Data records:
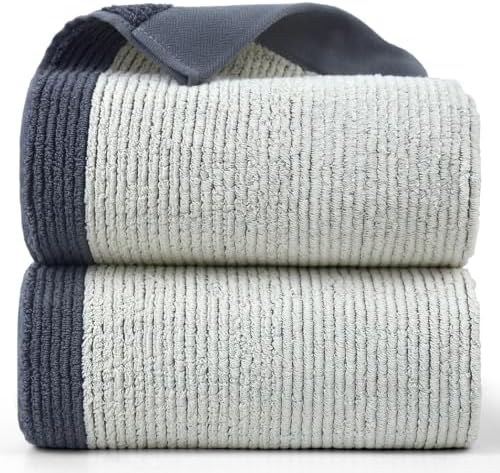 Cleanbear Bath Towels Set of 2 Silver-Gray 520 GSM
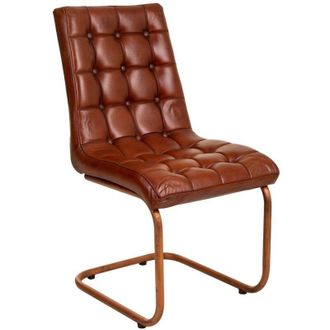 Wanderlust Deco Wanderlust Deco - Silla De Metal Y Piel Marr&oacute;n 46x46x93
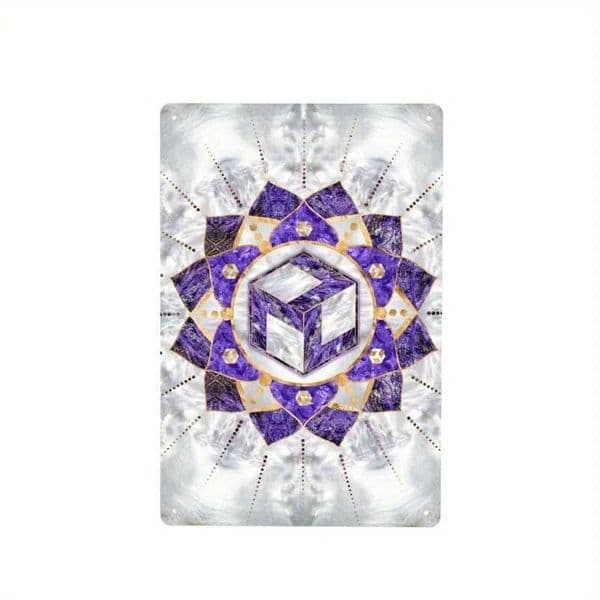 Antahkarana Suitable for Lotus Mandala - Amethyst and Pearl Art Long Metal Sign Home Decor Living Room Bedroom Office Bar De C260514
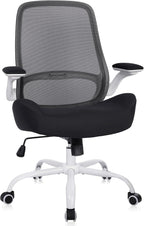 HYLONE Heavy Duty Office Chair, 5" Thickened Seat Ergonomic Desk Chair with Adjustable Armrests, Home Office Computer Chairs for Long Hours Mesh Executive Chair(White Base & Black)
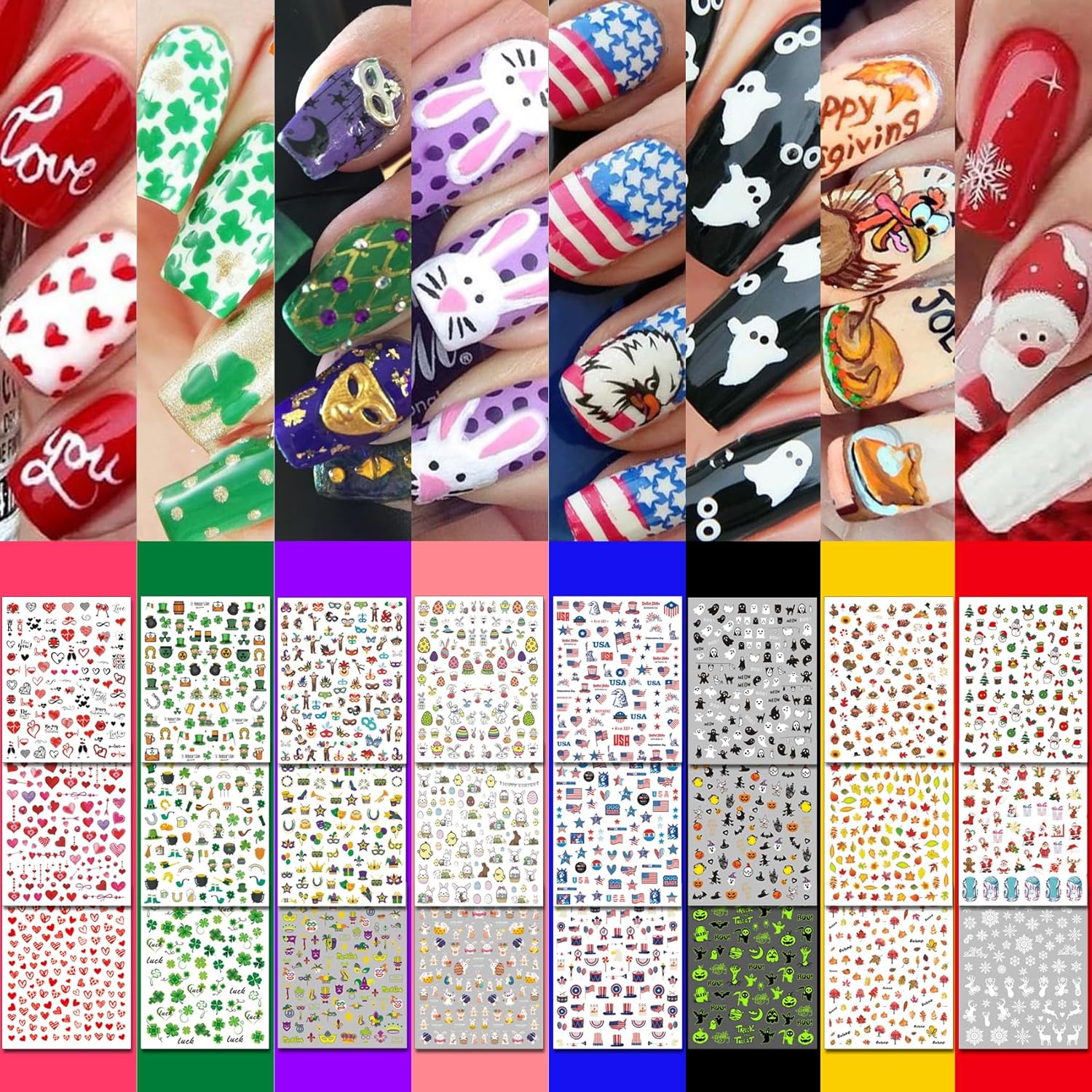 Iddfeve 30 Sheets Holiday Nail Art Stickers variety pack front view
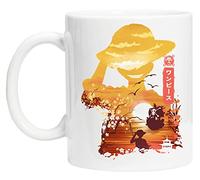 Bioclod One Piece Luffy Sunset Good Day To Sail Tasse de Tasse Réutilisable en Verre Blanc Pour le café de thé Coffee Cup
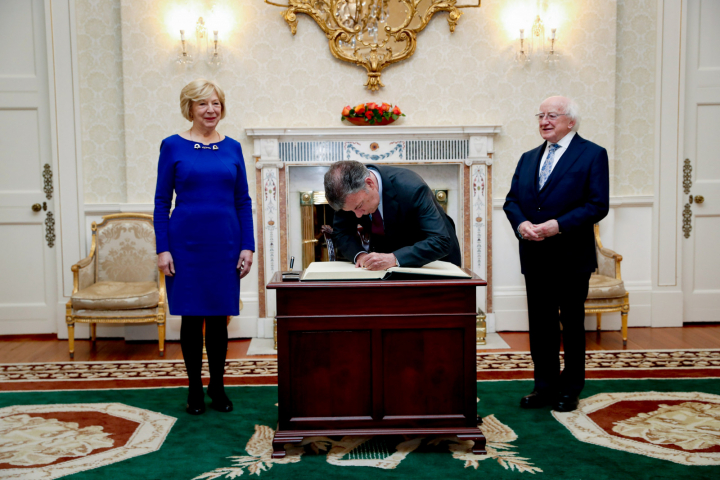 President receives former President of Colombia H.E. Juan Manuel Santos, winner of the Tipperary International Peace Award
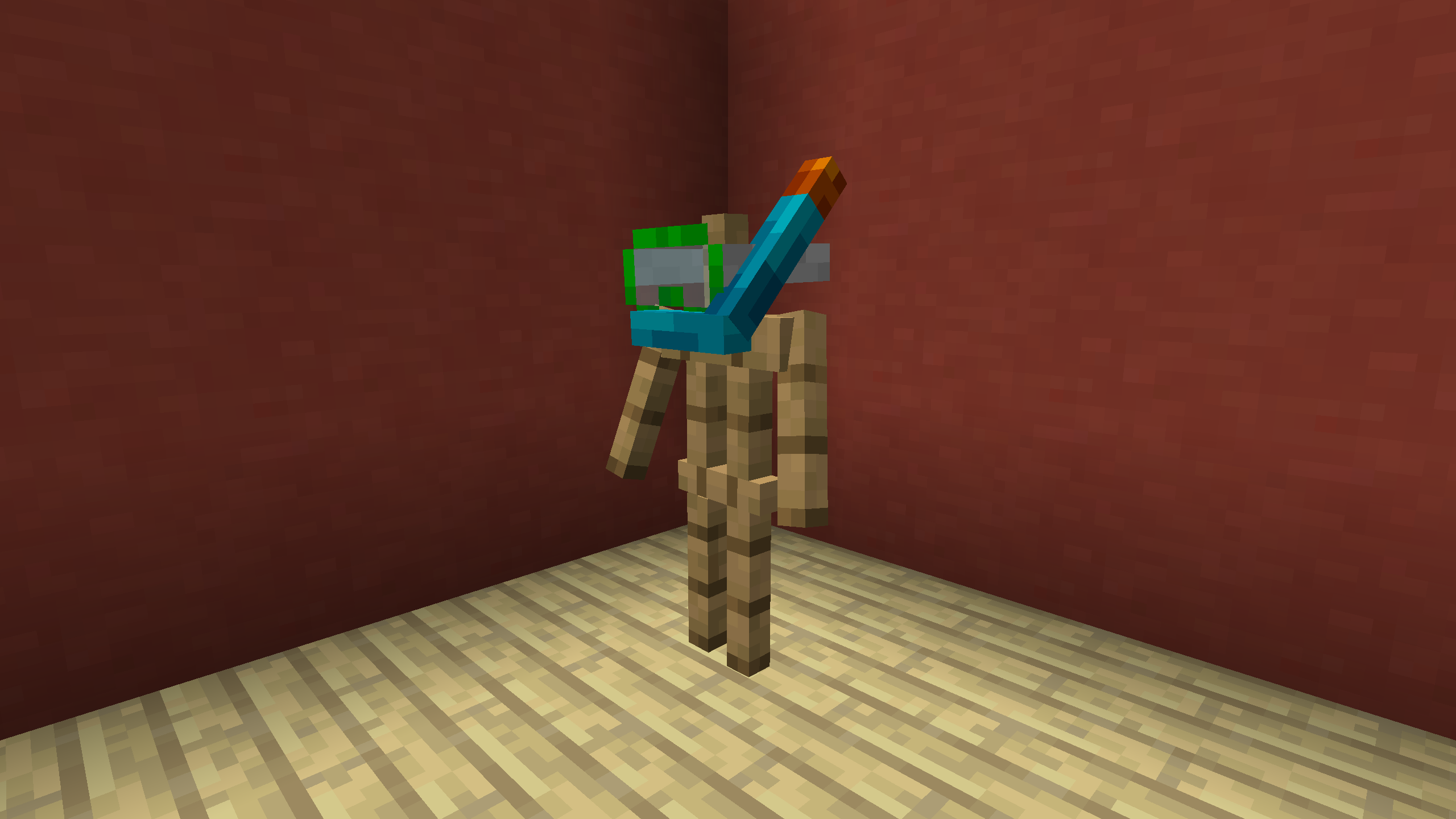 Персонаж Minecraft в подводном снаряжении с маской и ластами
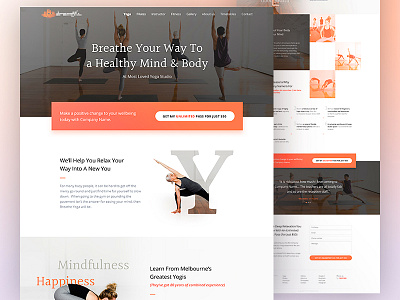 Yoga Landing Page button cta header landing minimal modern page web website yoga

Task requirements: Omit the pictures; set down each record exactly.

Your response:
 Cleanbear Bath Towels Set of 2 Silver-Gray 520 GSM
 Wanderlust Deco Wanderlust Deco - Silla De Metal Y Piel Marr&oacute;n 46x46x93
 Antahkarana Suitable for Lotus Mandala - Amethyst and Pearl Art Long Metal Sign Home Decor Living Room Bedroom Office Bar De C260514
 HYLONE Heavy Duty Office Chair, 5" Thickened Seat Ergonomic Desk Chair with Adjustable Armrests, Home Office Computer Chairs for Long Hours Mesh Executive Chair(White Base & Black)
 Iddfeve 30 Sheets Holiday Nail Art Stickers variety pack front view
 Bioclod One Piece Luffy Sunset Good Day To Sail Tasse de Tasse Réutilisable en Verre Blanc Pour le café de thé Coffee Cup
 President receives former President of Colombia H.E. Juan Manuel Santos, winner of the Tipperary International Peace Award
 Персонаж Minecraft в подводном снаряжении с маской и ластами
 Yoga Landing Page button cta header landing minimal modern page web website yoga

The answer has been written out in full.